Information provided
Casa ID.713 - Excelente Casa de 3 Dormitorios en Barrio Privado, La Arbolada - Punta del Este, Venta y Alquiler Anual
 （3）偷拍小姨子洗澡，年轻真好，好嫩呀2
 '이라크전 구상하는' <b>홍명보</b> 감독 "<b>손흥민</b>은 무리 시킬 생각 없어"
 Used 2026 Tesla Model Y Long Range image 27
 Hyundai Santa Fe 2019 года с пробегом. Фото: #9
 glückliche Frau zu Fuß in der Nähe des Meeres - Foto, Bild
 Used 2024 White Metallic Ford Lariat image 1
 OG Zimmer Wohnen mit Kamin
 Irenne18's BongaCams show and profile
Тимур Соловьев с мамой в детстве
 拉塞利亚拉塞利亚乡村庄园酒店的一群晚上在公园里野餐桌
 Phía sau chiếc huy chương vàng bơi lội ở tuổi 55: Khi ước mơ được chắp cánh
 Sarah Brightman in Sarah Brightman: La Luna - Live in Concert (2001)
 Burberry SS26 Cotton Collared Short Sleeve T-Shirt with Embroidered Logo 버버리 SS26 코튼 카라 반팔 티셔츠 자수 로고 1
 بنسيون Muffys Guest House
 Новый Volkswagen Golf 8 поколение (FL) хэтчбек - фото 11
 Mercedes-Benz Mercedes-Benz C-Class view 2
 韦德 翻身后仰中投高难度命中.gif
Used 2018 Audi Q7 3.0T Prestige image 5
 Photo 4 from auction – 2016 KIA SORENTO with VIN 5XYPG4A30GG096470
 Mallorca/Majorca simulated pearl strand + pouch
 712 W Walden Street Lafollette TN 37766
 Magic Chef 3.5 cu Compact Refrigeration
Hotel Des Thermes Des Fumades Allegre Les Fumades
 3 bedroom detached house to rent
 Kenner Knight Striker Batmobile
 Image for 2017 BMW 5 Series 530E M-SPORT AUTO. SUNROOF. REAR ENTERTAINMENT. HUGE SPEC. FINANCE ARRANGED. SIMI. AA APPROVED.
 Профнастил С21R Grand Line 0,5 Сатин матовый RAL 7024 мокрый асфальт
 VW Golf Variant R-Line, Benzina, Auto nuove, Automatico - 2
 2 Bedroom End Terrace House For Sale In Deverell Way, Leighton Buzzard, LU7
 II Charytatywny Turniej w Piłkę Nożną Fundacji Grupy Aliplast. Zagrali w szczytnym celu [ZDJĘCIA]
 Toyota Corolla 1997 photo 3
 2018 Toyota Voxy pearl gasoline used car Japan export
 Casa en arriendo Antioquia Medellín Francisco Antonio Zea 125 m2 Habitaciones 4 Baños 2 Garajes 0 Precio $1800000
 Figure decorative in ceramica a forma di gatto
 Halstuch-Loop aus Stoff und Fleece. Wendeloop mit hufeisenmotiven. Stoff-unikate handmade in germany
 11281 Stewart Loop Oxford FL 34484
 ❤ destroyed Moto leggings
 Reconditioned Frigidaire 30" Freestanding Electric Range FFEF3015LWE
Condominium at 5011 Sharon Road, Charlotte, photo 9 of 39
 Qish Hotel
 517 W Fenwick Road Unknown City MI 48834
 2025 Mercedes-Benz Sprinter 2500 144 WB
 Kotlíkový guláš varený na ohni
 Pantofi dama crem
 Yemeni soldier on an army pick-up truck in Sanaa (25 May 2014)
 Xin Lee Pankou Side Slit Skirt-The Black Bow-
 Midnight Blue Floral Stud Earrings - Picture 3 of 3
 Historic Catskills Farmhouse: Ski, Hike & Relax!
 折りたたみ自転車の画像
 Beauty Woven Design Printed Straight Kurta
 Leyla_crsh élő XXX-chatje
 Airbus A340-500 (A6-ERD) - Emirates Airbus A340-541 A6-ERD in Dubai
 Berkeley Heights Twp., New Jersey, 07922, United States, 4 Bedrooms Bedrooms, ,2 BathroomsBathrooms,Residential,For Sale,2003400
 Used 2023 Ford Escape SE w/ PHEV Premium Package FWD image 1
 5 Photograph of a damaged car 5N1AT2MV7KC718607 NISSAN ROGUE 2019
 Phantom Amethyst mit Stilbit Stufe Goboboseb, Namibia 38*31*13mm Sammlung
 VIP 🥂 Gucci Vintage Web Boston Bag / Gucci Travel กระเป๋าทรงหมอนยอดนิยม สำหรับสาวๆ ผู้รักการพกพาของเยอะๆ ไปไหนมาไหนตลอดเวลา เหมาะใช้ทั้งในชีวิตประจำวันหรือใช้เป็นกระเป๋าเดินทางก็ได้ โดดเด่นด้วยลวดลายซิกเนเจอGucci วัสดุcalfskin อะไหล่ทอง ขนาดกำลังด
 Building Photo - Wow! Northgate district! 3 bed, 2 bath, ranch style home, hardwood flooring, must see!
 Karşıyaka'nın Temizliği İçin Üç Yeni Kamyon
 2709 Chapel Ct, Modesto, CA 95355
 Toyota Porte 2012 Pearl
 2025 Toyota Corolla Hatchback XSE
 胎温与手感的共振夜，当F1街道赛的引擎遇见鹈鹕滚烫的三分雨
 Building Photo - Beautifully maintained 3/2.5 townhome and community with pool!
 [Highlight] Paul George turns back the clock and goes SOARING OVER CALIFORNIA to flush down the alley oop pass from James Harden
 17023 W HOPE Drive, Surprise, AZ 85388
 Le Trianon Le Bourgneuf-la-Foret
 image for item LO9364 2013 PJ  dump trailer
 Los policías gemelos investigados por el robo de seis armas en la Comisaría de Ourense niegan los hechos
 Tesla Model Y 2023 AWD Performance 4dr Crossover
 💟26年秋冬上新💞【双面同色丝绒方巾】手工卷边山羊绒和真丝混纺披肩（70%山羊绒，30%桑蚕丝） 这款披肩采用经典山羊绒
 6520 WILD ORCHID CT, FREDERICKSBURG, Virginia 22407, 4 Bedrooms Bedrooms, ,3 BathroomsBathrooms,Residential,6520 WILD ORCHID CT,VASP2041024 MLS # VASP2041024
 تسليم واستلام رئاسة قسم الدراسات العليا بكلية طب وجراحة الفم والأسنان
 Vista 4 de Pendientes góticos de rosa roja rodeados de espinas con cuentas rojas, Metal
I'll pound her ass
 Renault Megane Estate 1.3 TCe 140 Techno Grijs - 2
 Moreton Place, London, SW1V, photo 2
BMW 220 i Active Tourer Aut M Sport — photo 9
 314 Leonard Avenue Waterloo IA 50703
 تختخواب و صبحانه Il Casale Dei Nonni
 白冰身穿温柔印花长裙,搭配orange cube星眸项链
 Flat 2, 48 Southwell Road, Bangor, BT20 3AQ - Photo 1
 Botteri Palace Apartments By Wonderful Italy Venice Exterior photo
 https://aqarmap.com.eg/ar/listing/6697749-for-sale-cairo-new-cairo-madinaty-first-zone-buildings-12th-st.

Work order
With the line holding "5 Photograph of" as the first and the line holding "تسليم واستلام رئاسة" as the last, please transcribe exactly the lines of the material above in that range and nothing else.

Output for this exercise
 5 Photograph of a damaged car 5N1AT2MV7KC718607 NISSAN ROGUE 2019
 Phantom Amethyst mit Stilbit Stufe Goboboseb, Namibia 38*31*13mm Sammlung
 VIP 🥂 Gucci Vintage Web Boston Bag / Gucci Travel กระเป๋าทรงหมอนยอดนิยม สำหรับสาวๆ ผู้รักการพกพาของเยอะๆ ไปไหนมาไหนตลอดเวลา เหมาะใช้ทั้งในชีวิตประจำวันหรือใช้เป็นกระเป๋าเดินทางก็ได้ โดดเด่นด้วยลวดลายซิกเนเจอGucci วัสดุcalfskin อะไหล่ทอง ขนาดกำลังด
 Building Photo - Wow! Northgate district! 3 bed, 2 bath, ranch style home, hardwood flooring, must see!
 Karşıyaka'nın Temizliği İçin Üç Yeni Kamyon
 2709 Chapel Ct, Modesto, CA 95355
 Toyota Porte 2012 Pearl
 2025 Toyota Corolla Hatchback XSE
 胎温与手感的共振夜，当F1街道赛的引擎遇见鹈鹕滚烫的三分雨
 Building Photo - Beautifully maintained 3/2.5 townhome and community with pool!
 [Highlight] Paul George turns back the clock and goes SOARING OVER CALIFORNIA to flush down the alley oop pass from James Harden
 17023 W HOPE Drive, Surprise, AZ 85388
 Le Trianon Le Bourgneuf-la-Foret
 image for item LO9364 2013 PJ  dump trailer
 Los policías gemelos investigados por el robo de seis armas en la Comisaría de Ourense niegan los hechos
 Tesla Model Y 2023 AWD Performance 4dr Crossover
 💟26年秋冬上新💞【双面同色丝绒方巾】手工卷边山羊绒和真丝混纺披肩（70%山羊绒，30%桑蚕丝） 这款披肩采用经典山羊绒
 6520 WILD ORCHID CT, FREDERICKSBURG, Virginia 22407, 4 Bedrooms Bedrooms, ,3 BathroomsBathrooms,Residential,6520 WILD ORCHID CT,VASP2041024 MLS # VASP2041024
 تسليم واستلام رئاسة قسم الدراسات العليا بكلية طب وجراحة الفم والأسنان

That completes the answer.